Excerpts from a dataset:
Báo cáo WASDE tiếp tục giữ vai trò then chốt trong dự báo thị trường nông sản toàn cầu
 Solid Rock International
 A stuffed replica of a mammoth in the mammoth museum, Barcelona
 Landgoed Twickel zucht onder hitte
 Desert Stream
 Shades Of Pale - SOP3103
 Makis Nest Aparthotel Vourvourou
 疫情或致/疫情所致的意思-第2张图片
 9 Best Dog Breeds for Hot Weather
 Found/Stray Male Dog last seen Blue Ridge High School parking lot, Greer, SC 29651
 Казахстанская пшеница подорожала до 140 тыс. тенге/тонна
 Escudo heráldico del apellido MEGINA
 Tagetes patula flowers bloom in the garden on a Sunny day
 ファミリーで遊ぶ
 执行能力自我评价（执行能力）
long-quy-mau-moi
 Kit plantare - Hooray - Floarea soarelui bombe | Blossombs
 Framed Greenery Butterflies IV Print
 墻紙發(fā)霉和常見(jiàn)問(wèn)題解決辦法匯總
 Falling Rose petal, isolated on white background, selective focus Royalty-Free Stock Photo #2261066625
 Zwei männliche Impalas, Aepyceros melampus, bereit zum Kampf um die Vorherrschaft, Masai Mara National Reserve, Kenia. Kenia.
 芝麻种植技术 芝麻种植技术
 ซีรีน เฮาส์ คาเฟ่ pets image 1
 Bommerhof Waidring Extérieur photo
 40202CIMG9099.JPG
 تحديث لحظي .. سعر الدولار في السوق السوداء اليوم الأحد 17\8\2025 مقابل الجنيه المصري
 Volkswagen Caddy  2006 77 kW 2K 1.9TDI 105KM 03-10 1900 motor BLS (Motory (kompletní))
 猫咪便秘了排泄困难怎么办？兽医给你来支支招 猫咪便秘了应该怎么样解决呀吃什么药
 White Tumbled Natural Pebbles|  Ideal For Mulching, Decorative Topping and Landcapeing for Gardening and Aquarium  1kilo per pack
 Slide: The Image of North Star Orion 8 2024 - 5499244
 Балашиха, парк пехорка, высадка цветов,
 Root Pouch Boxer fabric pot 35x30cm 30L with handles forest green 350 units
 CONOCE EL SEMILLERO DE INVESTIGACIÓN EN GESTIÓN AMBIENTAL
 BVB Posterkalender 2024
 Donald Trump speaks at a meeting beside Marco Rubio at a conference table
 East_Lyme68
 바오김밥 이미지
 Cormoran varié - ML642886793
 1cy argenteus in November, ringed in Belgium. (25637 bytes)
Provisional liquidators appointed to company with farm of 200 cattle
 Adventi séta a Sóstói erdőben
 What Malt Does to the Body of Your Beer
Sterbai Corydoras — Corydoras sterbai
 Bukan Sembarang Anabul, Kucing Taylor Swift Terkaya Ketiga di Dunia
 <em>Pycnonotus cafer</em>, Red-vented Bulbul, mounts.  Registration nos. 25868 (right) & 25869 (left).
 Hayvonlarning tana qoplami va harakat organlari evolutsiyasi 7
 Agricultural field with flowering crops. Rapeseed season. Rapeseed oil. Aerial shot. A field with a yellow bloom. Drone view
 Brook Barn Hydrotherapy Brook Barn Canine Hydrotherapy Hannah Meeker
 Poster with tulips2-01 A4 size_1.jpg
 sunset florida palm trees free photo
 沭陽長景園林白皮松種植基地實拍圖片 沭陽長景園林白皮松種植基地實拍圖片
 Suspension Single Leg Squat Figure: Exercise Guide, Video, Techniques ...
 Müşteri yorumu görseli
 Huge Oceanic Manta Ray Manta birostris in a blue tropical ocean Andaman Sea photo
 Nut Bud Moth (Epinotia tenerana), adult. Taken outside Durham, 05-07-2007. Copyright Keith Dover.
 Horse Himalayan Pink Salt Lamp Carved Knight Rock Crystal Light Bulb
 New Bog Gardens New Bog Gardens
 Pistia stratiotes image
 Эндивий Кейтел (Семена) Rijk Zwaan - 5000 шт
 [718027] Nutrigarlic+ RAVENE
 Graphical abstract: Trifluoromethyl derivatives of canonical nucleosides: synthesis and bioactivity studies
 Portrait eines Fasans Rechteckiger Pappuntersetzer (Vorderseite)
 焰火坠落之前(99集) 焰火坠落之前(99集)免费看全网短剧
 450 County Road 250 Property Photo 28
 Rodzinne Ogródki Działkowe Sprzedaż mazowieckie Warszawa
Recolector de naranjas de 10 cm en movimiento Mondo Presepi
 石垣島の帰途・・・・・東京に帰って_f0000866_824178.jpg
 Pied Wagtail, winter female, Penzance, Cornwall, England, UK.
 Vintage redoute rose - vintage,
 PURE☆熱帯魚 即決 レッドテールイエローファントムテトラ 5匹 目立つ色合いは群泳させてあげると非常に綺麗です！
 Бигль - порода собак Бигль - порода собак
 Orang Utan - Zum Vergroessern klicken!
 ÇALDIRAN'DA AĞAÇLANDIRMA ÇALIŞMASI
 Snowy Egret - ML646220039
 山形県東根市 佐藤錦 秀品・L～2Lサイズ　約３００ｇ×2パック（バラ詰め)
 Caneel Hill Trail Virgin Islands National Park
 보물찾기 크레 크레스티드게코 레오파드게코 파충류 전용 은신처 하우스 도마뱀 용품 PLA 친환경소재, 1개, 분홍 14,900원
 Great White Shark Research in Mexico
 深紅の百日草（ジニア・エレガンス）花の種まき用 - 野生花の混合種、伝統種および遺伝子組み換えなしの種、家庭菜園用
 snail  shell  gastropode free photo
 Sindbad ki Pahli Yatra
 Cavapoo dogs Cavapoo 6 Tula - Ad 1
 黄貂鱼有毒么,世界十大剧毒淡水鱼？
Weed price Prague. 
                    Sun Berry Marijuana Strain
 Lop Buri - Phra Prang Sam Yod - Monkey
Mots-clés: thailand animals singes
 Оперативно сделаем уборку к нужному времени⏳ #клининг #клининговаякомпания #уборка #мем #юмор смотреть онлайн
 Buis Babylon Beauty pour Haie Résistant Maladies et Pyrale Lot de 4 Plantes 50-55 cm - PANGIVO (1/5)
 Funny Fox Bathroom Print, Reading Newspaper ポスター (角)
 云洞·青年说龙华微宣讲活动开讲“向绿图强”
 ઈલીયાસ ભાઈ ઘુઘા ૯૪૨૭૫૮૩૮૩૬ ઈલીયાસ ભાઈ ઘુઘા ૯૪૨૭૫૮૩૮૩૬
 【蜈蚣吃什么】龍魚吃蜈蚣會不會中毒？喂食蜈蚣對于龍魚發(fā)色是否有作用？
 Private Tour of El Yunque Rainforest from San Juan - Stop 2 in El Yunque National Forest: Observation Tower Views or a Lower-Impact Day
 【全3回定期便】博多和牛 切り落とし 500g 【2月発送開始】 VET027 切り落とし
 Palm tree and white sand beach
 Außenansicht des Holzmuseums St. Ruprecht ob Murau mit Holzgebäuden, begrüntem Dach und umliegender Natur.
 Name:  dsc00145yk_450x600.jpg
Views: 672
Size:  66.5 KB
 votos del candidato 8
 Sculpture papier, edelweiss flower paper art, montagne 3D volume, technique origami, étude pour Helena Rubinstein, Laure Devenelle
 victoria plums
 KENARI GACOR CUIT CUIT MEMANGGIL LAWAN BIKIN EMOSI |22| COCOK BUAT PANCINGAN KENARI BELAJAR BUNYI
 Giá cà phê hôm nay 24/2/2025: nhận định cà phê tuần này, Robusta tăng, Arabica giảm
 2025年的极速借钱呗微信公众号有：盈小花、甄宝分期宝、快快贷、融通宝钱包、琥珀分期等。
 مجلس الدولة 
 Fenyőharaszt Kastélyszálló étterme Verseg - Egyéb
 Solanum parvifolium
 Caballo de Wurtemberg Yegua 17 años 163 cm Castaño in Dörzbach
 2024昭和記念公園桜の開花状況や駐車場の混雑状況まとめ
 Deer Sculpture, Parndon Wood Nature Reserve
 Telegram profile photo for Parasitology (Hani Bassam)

**EXERCISE PROMPT:**
Start with the line above that contains "Müşteri yorumu görseli" and stop after the line that contains "山形県東根市 佐藤錦 秀品・L～2Lサイズ　約３００ｇ×2パック（バラ詰め)". Output those lines exactly, and only those.

**ANSWER SPACE:**
 Müşteri yorumu görseli
 Huge Oceanic Manta Ray Manta birostris in a blue tropical ocean Andaman Sea photo
 Nut Bud Moth (Epinotia tenerana), adult. Taken outside Durham, 05-07-2007. Copyright Keith Dover.
 Horse Himalayan Pink Salt Lamp Carved Knight Rock Crystal Light Bulb
 New Bog Gardens New Bog Gardens
 Pistia stratiotes image
 Эндивий Кейтел (Семена) Rijk Zwaan - 5000 шт
 [718027] Nutrigarlic+ RAVENE
 Graphical abstract: Trifluoromethyl derivatives of canonical nucleosides: synthesis and bioactivity studies
 Portrait eines Fasans Rechteckiger Pappuntersetzer (Vorderseite)
 焰火坠落之前(99集) 焰火坠落之前(99集)免费看全网短剧
 450 County Road 250 Property Photo 28
 Rodzinne Ogródki Działkowe Sprzedaż mazowieckie Warszawa
Recolector de naranjas de 10 cm en movimiento Mondo Presepi
 石垣島の帰途・・・・・東京に帰って_f0000866_824178.jpg
 Pied Wagtail, winter female, Penzance, Cornwall, England, UK.
 Vintage redoute rose - vintage,
 PURE☆熱帯魚 即決 レッドテールイエローファントムテトラ 5匹 目立つ色合いは群泳させてあげると非常に綺麗です！
 Бигль - порода собак Бигль - порода собак
 Orang Utan - Zum Vergroessern klicken!
 ÇALDIRAN'DA AĞAÇLANDIRMA ÇALIŞMASI
 Snowy Egret - ML646220039
 山形県東根市 佐藤錦 秀品・L～2Lサイズ　約３００ｇ×2パック（バラ詰め)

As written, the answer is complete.